## RAW DATA
--- START ---
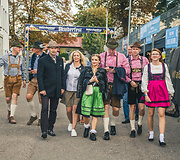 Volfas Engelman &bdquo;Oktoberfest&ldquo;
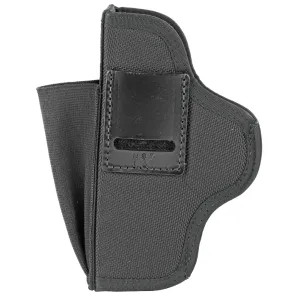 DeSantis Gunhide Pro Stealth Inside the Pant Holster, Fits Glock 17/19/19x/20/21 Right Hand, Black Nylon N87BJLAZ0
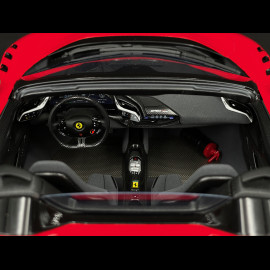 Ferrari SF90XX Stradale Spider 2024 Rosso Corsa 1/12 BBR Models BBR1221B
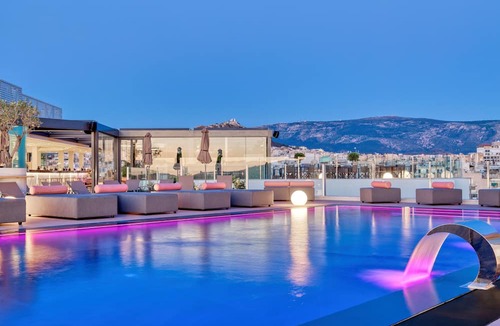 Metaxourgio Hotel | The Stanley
--- END ---
--- START ---
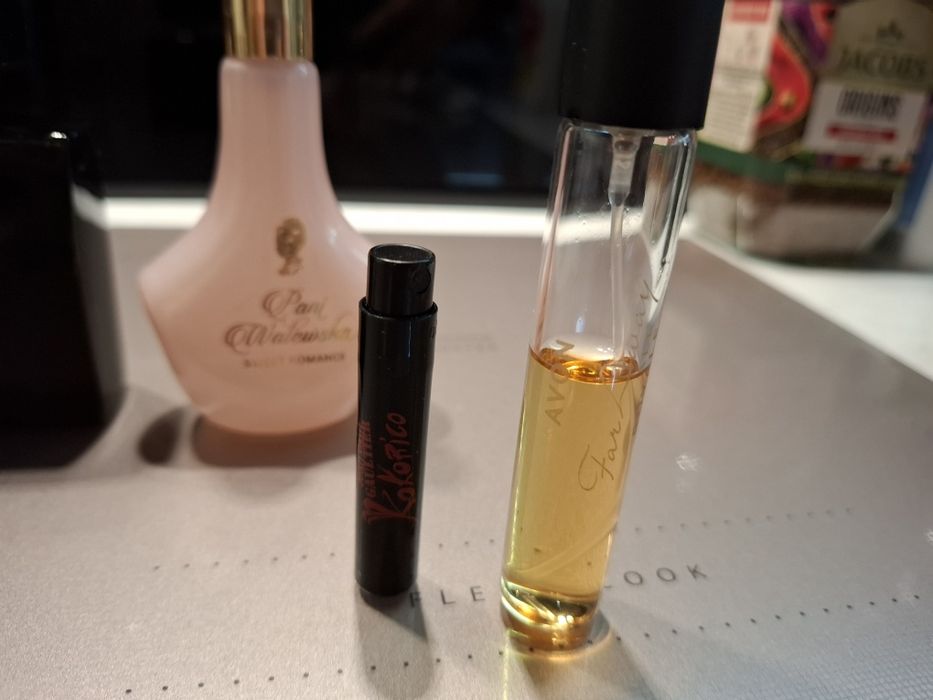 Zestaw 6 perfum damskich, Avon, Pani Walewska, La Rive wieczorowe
--- END ---
--- START ---
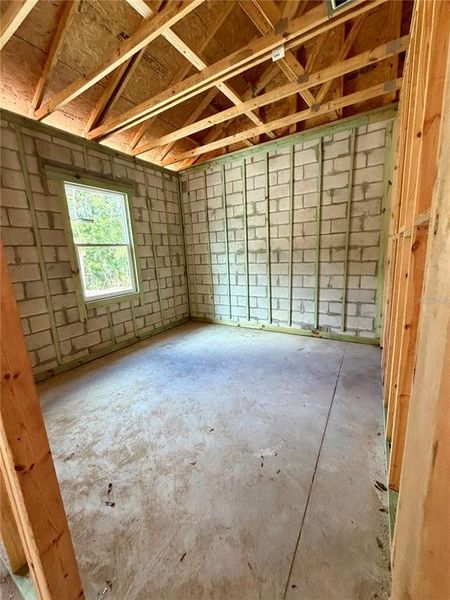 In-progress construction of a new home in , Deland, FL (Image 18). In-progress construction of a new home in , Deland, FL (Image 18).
--- END ---
## ASSIGNMENT
Extract from the material above the stretch running from the line containing "Ferrari SF90XX Stradale" through the line containing "Metaxourgio Hotel | The Stanley". Keep the text exact and the pictures out.

## TASK SOLUTION
 Ferrari SF90XX Stradale Spider 2024 Rosso Corsa 1/12 BBR Models BBR1221B
 Metaxourgio Hotel | The Stanley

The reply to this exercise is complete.